• Exercise goal
For the material that follows, return exactly the lines from the one with "Spielba Trotteur Grenouille" through the one with "#RestInPower to singer, guitarist, and", both ends included.

• Data extract
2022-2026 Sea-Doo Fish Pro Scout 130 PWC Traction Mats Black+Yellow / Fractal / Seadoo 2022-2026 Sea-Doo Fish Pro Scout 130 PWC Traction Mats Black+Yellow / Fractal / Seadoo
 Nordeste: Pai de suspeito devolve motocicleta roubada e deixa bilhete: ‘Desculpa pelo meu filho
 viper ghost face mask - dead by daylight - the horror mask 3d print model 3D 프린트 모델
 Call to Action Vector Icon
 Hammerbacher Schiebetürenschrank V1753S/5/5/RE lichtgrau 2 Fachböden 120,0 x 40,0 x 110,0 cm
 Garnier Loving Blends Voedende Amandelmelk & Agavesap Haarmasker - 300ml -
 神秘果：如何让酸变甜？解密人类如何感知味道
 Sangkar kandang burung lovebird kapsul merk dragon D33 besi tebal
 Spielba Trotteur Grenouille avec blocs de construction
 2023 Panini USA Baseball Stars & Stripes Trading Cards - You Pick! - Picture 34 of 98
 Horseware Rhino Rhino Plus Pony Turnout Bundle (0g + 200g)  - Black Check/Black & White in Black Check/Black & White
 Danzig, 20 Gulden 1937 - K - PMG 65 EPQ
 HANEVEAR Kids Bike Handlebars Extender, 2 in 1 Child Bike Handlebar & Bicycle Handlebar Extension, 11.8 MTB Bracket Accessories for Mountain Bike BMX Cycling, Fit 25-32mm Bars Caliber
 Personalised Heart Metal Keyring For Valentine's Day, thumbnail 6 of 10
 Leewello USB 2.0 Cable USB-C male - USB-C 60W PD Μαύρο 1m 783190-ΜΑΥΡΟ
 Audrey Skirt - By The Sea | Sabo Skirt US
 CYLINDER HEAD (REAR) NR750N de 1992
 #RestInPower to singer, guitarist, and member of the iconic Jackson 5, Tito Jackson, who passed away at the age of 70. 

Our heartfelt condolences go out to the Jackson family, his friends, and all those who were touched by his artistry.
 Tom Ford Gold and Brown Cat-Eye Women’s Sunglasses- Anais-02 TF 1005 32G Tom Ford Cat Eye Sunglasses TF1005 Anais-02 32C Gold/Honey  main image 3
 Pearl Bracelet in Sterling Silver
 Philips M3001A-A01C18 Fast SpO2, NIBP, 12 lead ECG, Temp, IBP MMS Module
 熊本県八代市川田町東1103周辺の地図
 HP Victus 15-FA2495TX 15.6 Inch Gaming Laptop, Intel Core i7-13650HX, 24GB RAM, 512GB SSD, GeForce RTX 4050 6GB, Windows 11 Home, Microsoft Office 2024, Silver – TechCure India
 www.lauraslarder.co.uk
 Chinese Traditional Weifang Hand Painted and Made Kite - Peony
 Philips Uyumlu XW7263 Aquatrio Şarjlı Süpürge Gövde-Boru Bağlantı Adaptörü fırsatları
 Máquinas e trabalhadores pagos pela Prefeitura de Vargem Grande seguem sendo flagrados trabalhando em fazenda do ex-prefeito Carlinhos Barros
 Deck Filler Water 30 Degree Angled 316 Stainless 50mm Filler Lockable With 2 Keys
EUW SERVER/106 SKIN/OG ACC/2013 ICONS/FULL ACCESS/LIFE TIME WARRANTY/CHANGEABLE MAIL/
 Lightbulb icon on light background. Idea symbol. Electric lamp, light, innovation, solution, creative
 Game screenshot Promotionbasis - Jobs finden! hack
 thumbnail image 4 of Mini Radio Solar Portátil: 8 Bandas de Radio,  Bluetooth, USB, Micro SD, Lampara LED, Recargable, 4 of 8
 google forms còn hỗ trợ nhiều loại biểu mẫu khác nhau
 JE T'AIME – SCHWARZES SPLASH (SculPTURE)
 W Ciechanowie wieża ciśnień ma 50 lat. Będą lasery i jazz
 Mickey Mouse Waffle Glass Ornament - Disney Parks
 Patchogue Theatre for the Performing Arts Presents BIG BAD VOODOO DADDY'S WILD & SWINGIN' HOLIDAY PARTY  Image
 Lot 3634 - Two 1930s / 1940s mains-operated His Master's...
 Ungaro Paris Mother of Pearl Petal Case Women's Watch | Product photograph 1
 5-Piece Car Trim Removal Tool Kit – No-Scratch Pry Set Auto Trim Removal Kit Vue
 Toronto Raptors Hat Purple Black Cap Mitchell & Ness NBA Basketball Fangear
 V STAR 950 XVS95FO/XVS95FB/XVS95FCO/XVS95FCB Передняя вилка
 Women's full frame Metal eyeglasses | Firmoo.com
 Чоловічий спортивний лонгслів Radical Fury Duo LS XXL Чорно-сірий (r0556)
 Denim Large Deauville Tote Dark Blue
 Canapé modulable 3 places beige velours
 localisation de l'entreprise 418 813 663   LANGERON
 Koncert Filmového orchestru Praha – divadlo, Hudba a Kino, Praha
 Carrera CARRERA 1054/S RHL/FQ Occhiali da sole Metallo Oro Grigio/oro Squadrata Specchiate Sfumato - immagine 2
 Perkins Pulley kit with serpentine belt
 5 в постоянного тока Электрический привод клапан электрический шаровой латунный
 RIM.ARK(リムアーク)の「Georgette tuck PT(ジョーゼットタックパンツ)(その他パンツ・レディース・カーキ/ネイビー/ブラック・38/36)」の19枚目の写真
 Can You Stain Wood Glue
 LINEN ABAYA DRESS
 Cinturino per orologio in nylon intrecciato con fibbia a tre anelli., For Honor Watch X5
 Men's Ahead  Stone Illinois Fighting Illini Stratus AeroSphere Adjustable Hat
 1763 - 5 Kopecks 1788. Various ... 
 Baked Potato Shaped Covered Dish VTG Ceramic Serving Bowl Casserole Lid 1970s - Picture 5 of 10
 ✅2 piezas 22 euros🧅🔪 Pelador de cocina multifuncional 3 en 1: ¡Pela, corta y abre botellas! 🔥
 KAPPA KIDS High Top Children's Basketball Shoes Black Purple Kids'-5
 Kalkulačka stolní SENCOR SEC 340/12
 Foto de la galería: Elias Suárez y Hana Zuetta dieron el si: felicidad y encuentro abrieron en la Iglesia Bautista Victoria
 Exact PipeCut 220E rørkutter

• Exercise solution
 Spielba Trotteur Grenouille avec blocs de construction
 2023 Panini USA Baseball Stars & Stripes Trading Cards - You Pick! - Picture 34 of 98
 Horseware Rhino Rhino Plus Pony Turnout Bundle (0g + 200g)  - Black Check/Black & White in Black Check/Black & White
 Danzig, 20 Gulden 1937 - K - PMG 65 EPQ
 HANEVEAR Kids Bike Handlebars Extender, 2 in 1 Child Bike Handlebar & Bicycle Handlebar Extension, 11.8 MTB Bracket Accessories for Mountain Bike BMX Cycling, Fit 25-32mm Bars Caliber
 Personalised Heart Metal Keyring For Valentine's Day, thumbnail 6 of 10
 Leewello USB 2.0 Cable USB-C male - USB-C 60W PD Μαύρο 1m 783190-ΜΑΥΡΟ
 Audrey Skirt - By The Sea | Sabo Skirt US
 CYLINDER HEAD (REAR) NR750N de 1992
 #RestInPower to singer, guitarist, and member of the iconic Jackson 5, Tito Jackson, who passed away at the age of 70. 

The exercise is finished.